Essential, a company founded by Andy Rubin, has just become relevant again after XDA-Developers has just received confirmation from an Essential spokesperson that the company is indeed working on a new device. Said device is still in the early stages of testing – here is the statement to XDA
…We’ve previously shared that the Essential team is working on a new device. It is now in early testing and we look forward to sharing more details in the future. – Essential spokesperson
The statement came after XDA investigated a commit entry from an Essential software engineer. After putting clues together (you can read more about that in the Source link), it was deduced that the device referenced by the Essential engineer was running Android Q with July 11 build, and was using an open source alternative to Google’s Play Services framework. In addition, the device was using a Snapdragon 730.
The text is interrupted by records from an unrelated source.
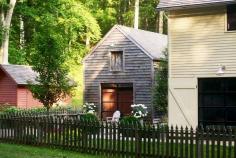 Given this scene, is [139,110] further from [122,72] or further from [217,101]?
Result: [217,101]

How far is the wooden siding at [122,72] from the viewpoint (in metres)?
30.5

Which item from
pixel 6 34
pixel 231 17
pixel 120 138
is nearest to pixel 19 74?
pixel 6 34

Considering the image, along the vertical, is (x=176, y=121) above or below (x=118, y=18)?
below

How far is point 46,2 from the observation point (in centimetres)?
4588

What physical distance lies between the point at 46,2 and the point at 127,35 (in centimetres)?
1703

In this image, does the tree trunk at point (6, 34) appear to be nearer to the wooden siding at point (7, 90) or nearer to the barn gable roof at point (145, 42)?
the wooden siding at point (7, 90)

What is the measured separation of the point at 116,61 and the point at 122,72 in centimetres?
95

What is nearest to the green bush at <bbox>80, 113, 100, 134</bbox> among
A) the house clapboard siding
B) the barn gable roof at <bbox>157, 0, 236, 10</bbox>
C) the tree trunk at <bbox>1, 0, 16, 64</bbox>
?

It’s possible that the hardware used was simply used to test whatever Essential plans to produce. There isn’t much evidence as to exactly what that is. Last year, Bloomberg reported that Essential was working on an “AI phone”, one that could automatically respond to messages and perform tasks, but this rumor is neither confirmed nor denied at this point.
I am excited at the prospect that Essential plans to release a new device. The Essential PH-1 was something with a fresh look (after all, it was the first to use a notch), and it used unconventional materials with durability and aesthetic in mind.
The PH-1 was criticized for having a weak camera out of the gate and a high price point (it launched for $699). Dropping the phone’s price by $200 wasn’t enough to help sales. In any case, the company has had time to recoup and rethink its strategy.
The Essential PH-1 was certainly a unique device. It had a premium titanium and ceramic build, which even today, nobody bothers to attempt to mass produce. The phone also had virtually no bloatware and a near stock android experience with OTA updates arriving the same day as Google released them. In fact, today it’s one of the handful of devices running Android 10.
After rumors of a second device were shot down when the phone maker cancelled development of a PH-2. Since then, the company has only been around to support its first generation of customers but did offer some hopeful words last December. It cancelled its second-gen phone, unofficially known as the PH-2, due to low sales.